Enquanto a poeira vermelha vai subindo para os céus, abaixo os nossos lençóis freáticos vão aos poucos manifestando profundo desconforto frente as atividades das dezenas de mineradoras instaladas pelas quebradas de Brumadinho.
E, nesse ritmo incessante, a água que abastecia o Tejuco, e que um dia abasteceu a cidade de Brumadinho, vai aos poucos desaparecendo e deixando os moradores indecisos sem saberem se clamam por Deus, pela polícia ou pela Copasa.
Ou seja, o “a ferro e fogo” agora conta também com muita lama tóxica e pouca água potável!!!!
A mineração e o poeta
Estas situações nos fazem relembrar do pensamento poético de Carlos Drummond quando tentava explicar a dor que sentia ao olhar para as montanhas de Itabira e para o Pico do Cauê sendo esquartejados e destruídos pelas atividades de mineração da Vale afetando dolorosamente as suas memórias de infância.
Em um arroubo compensatório, a empresa chegou até mesmo a transportar a fazenda em que o poeta morou replantando-a quase que artesanalmente no alto de um morro tendo à frente, ironicamente, uma paisagem desoladora composta de profundas feridas provocadas pela busca desenfreada do minério de ferro.
E, sem trocadilhos, esta emenda da Vale ficou pior que os sonetos da infância de Carlos Drummond ou, quem sabe, quase que como um insulto contra a sua permanente revolta contra a Vale em Itabira!
Isto me fez lembrar que a Vale anteriormente se chamava Vale do Rio Doce, mas que depois que foi privatizada em 1997, tirou o rio do seu nome e, em 2015, com a tragédia de Mariana, matou este rio mesmo asfixiando-o com seus braços de ferro e que agora faz o mesmo com o nosso Paraopeba e com a população que vive no seu entorno.
No Paraopeba não mais corre suas milenares águas amarelas e barrentas e sim o sangue que continua a se esvair do ferimento mortal provocada pela ganância que esta e outras empresas de mineração vem impondo aos moradores de Brumadinho e que agora seguem silenciosamente rumo ao mar levando consigo os sonhos de centenas de trabalhadores e de seus familiares empurrados pela lama toxica que nele foi despejada com o rompimento da barragem no Córrego do Feijão no dia 25 de janeiro, de 2019, data que nunca esqueceremos e que marcará para sempre o nosso caminhar rumo ao futuro.
A luta continua
Em resposta aos quadros desoladores anteriormente descritos à população de Brumadinho, aos movimentos de defesa da sociedade às suas organizações públicas e privadas se vêm instadas a juntarem forças para evitar que a mesma comédia embromatória que a Vale encenou e vem encenando desde 2015 em Mariana não se repita também por aqui, não obstante o formidável elenco de caríssimas bancas de advogados por ela contratadas para fazer a sua defesa.

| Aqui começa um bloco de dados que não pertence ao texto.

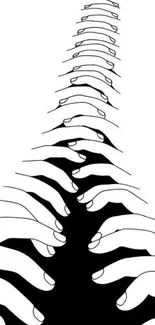 Abstract black and white hands design wallpaper for mobile devices.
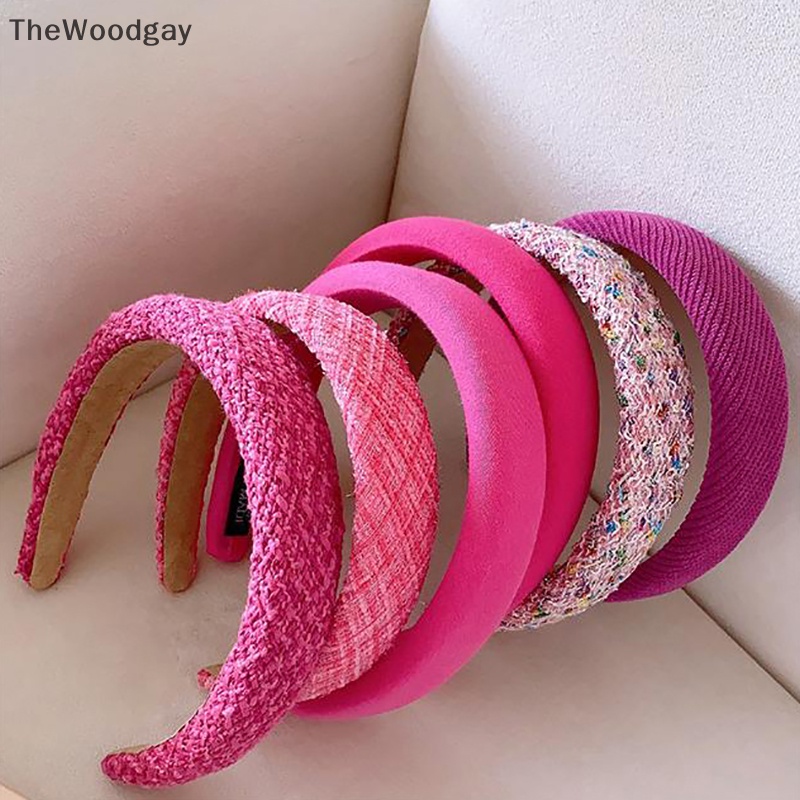 Thewoodgay Băng Đô Cài Tóc Bản Rộng Bằng Xốp Mỏng Màu Hồng Dòng Công Chúa Thời Trang Cho Nữ en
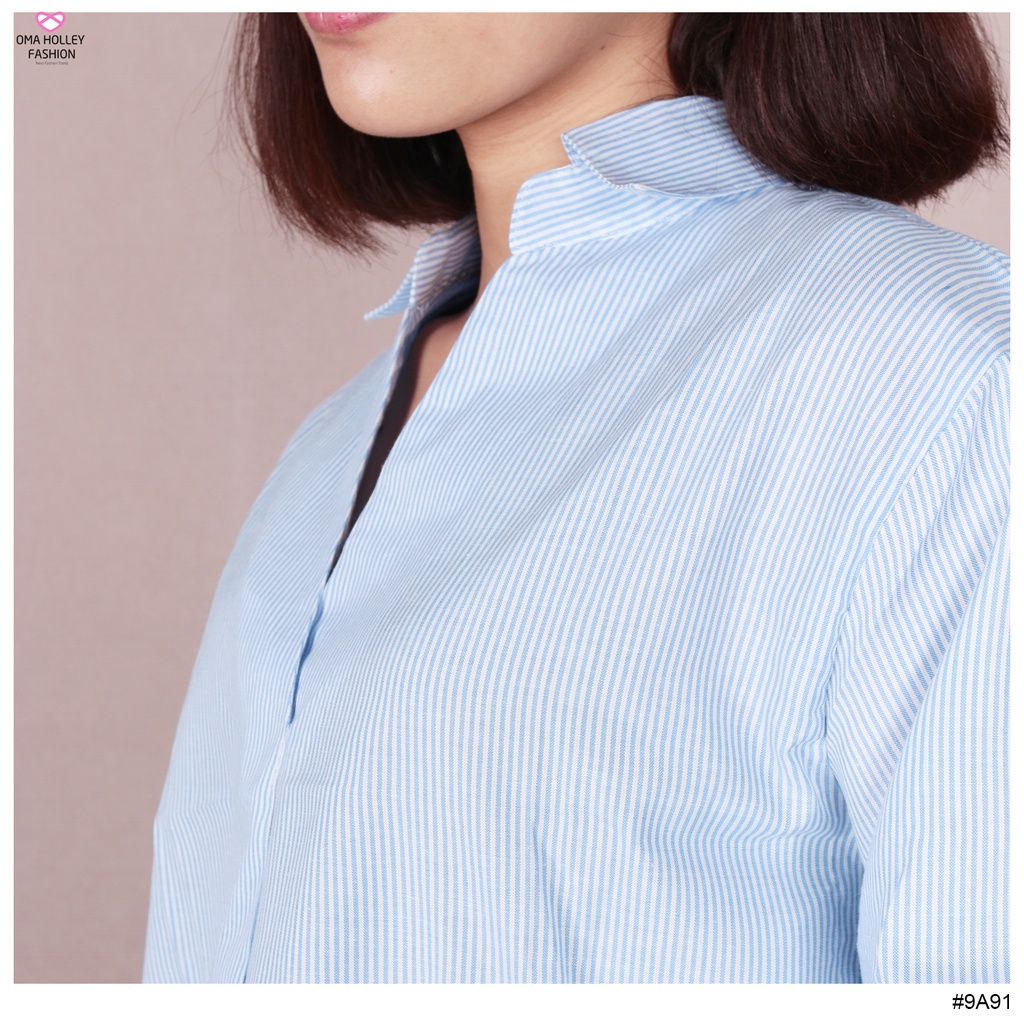 (COD) OH Fashion Giants Blouse Salur V-Neck #9A91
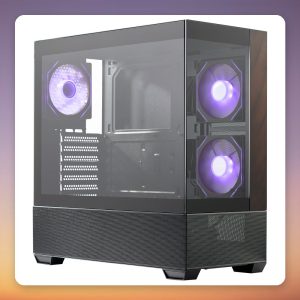 Cooler Master Elite 690 Wood ATX Mid-Tower Case, Black/Wood, 2x Tempered Glass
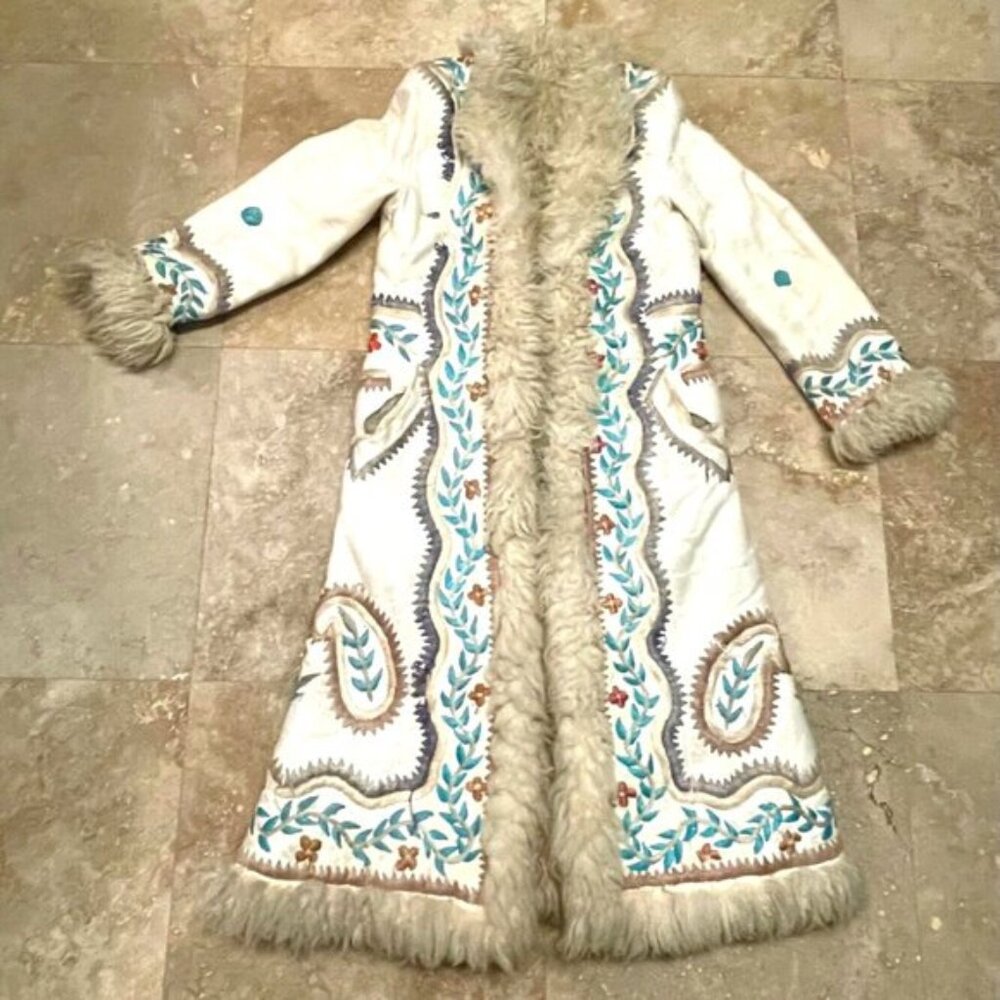 Penny Lane Coat 70s Coat 70s Afghan Coat Floral Embroidered Coat Sheepskin Coat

E não custa dizer que a resposta a estas questões dependerá também muito da ação individual e das ações coletivas organizadas de muitos parentes das vítimas, seja através, da Avabrum, do Ministério Público, das mídias locais, nacional e internacional, das entidades de direitos sociais e dos políticos que se solidarizam com a dor de nossa população para que, mais uma vez, tanto a Vale quanto a todos aqueles que concorreram para que esta tragédia-crime acontecesse não fiquem impunes e que os familiares das vítimas e o município recebam as devidas e justas compensações a que tem direito, embora saibamos que nada disso trará de volta os nossos entes queridos que nela perdemos.